As a writer and animator, I'm used to working to deadlines but the only deadlines I find myself failing to meet are my own.

Most of the time such things are not an issue. I set an arbitrary date by which I would like to complete a self-initiated task, such as writing a blog, and attempt to work to that. More often than I would like: work, family or other considerations will lead me to revise these self-imposed deadlines. This is fine, unlike my work deadlines, they are meant to be a flexible guide rather than a rigid cut-off point.

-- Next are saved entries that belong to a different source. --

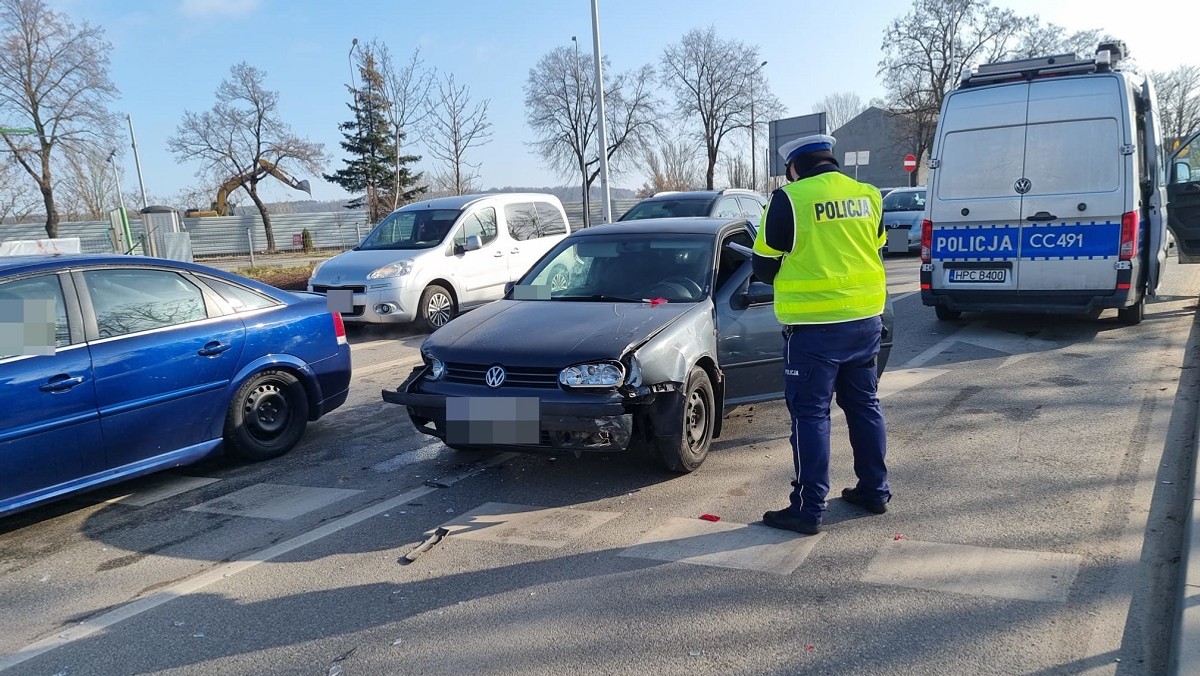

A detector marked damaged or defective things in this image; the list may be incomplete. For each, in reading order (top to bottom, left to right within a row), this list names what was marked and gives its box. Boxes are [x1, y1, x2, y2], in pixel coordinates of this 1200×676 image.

damaged vw golf [382, 219, 892, 472]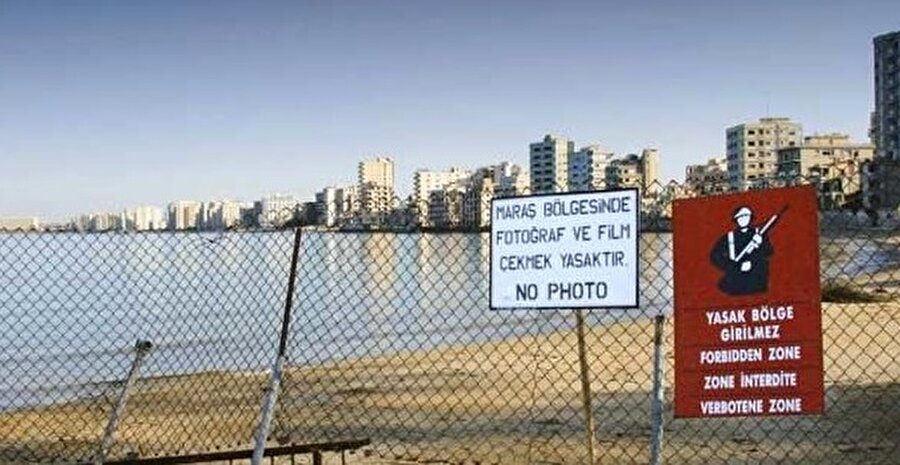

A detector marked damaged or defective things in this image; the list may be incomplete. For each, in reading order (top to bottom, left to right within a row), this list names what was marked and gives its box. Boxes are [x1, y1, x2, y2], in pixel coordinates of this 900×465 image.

rusty metal post [95, 338, 153, 464]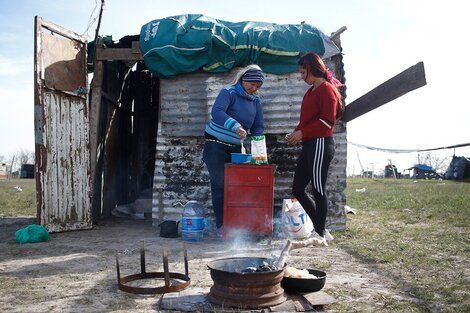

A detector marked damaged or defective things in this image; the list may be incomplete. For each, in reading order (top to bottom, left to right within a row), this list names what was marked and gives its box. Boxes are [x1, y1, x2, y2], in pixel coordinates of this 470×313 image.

rusty metal door [33, 17, 92, 232]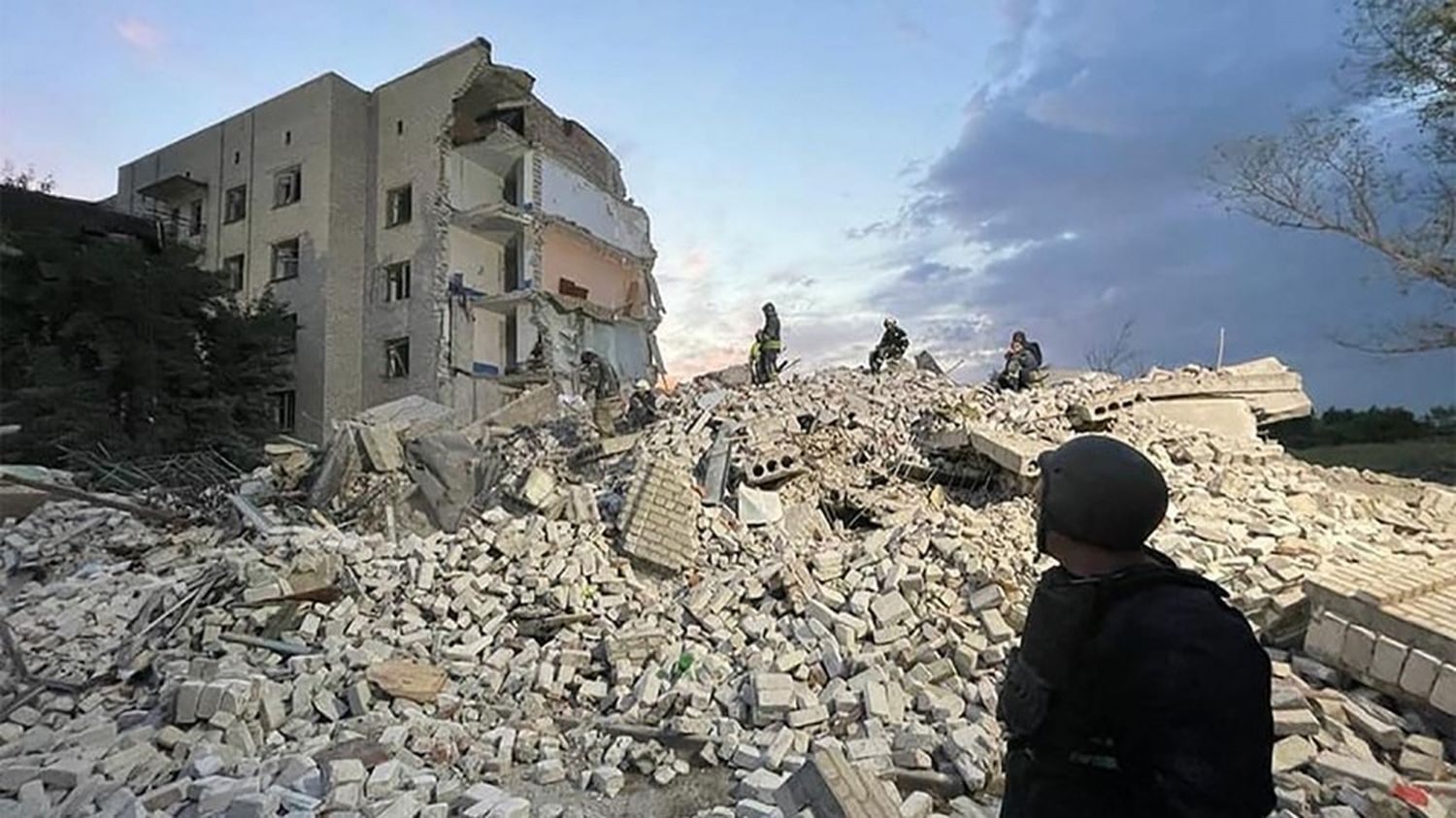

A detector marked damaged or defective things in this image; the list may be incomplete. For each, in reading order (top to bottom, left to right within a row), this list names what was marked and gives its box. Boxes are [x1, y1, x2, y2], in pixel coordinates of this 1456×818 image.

But I got caught out by myself recently. I had planned to write a short seasonally themed story in time for Christmas. It was to be delivered via Twitter as a series of tweets spread over a two week period, which I calculated would give me a deadline around the 11th of December. During November I had a great deal of coursework for my MA, I also had a lot of paid work during the first two weeks of December. To consider this story was probably unrealistic, but as is often the case with me, I used it as a pleasurable thing to wind down in the evenings, after a hard day of doing other things. As the deadline approached I still had a small amount of the story to write. I wanted to get the ending working well, tying up a number of threads, but I had altered the story from it's original outline and I felt the ending should also change. Unfortunately, I also had another deadline for my coursework on the same day, as well as an article I'd promised to complete. I realised something had to give.

In short, I missed my own short story deadline. I did consider posting the beginning whilst I was still writing the end; it's not the first time I've had to do that, but in the end I decided to pull the story. Which, in hindsight, was the correct decision; I had not done enough promotional work for the story and I still wasn't happy with the ending. That I didn't meet my deadline, I don't mind at all; I can revise, and improve it ready for next Christmas; I can deliver it with a more relaxed timeframe and, most importantly, I will have a whole year in which to plan how to promote it. I've also learnt that it is better to not deliver something at all than something done badly.